Jackson, supra at 717-18. CT Page 9655
Applying the test set forth in Jackson to the four counts in the current complaint, the court finds both the concept of res judicata and collateral estoppel inapplicable to the Second through Fourth Counts. Sounding as they do in CUTPA and unjust enrichment and relying on a factual claim that defendants' agents in some way misled Woja into believing the foreclosure was not proceeding, the court cannot find that there was a full and fair opportunity to litigate these claims, nor that they were necessarily determined as issues in the foreclosure action. They raise, supported by Woja's affidavit, issues that a court would not ordinarily rule upon in a default judgment foreclosure.
However, the claim in the First Count, read fairly, is no more or less than a complaint that the foreclosed property should have gone by sale and not strict foreclosure, because of the equity for the defendant owners. Woja would have more than adequate opportunity to litigate such a claim in a foreclosure and the court would necessarily have considered the issue of equity if he had merely timely filed a motion seeking a foreclosure by sale.
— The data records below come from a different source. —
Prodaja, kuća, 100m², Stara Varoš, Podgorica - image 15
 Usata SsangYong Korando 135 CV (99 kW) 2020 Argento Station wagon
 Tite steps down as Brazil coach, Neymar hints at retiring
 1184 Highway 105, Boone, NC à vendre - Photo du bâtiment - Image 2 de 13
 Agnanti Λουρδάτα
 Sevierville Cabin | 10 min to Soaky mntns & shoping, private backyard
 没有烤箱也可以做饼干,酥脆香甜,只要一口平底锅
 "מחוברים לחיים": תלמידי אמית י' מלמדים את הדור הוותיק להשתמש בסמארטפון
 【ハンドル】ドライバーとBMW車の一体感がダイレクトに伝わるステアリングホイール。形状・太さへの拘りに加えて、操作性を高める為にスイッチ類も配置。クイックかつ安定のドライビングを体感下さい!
    "In a foreclosure proceeding, the trial court must exercise its discretion and equitable powers with fairness not only to the foreclosing mortgagee, but also to subsequent encumbrancers and the owner. We have stated: "The remedy of the second mortgagee in such a case as this, if he cannot or does not wish to redeem, is by application for an order of sale under the statutes; General Statutes § 5112, et seq.; and we have suggested that one purpose of this statutory remedy was to meet just such a situation as is here present.  Staples v. Hendrick, [89 Conn. 100, 93 A. 5 (1915)]. It is true that the grant of such an application rests in the sound discretion of the court; Page 491 Bradford Realty Corporation v. Beetz, [supra, 31]; but if there is need of a sale to protect the just rights of the parties, we have little fear that the court will not order it." New Haven Bank v. Jackson, 119 Conn. 451.455, 177 A. 387
(1935).
Fidelity Trust Co. v. Irick, 206 Conn. 484, 538 A.2d 1027 (1988) at pages 490-491.
There is no question but that Woja, who had notice of the suit, could have raised the same claim set forth in the First Count here, in the earlier foreclosure action. Indeed, he did raise it, albeit belatedly in his motion to reopen or force BBC CT Page 9656 or EED to pay equity to Woja. That he abandoned it because his counsel felt it was "not [going] to persuade any judge" does not in any way erase the fact that he could have raised it earlier and had it decided in a timely fashion.1 Res judicata bars any claim that was or could have been raised in the prior action.Gagne v. Norton, 189 Conn. 29 (1983).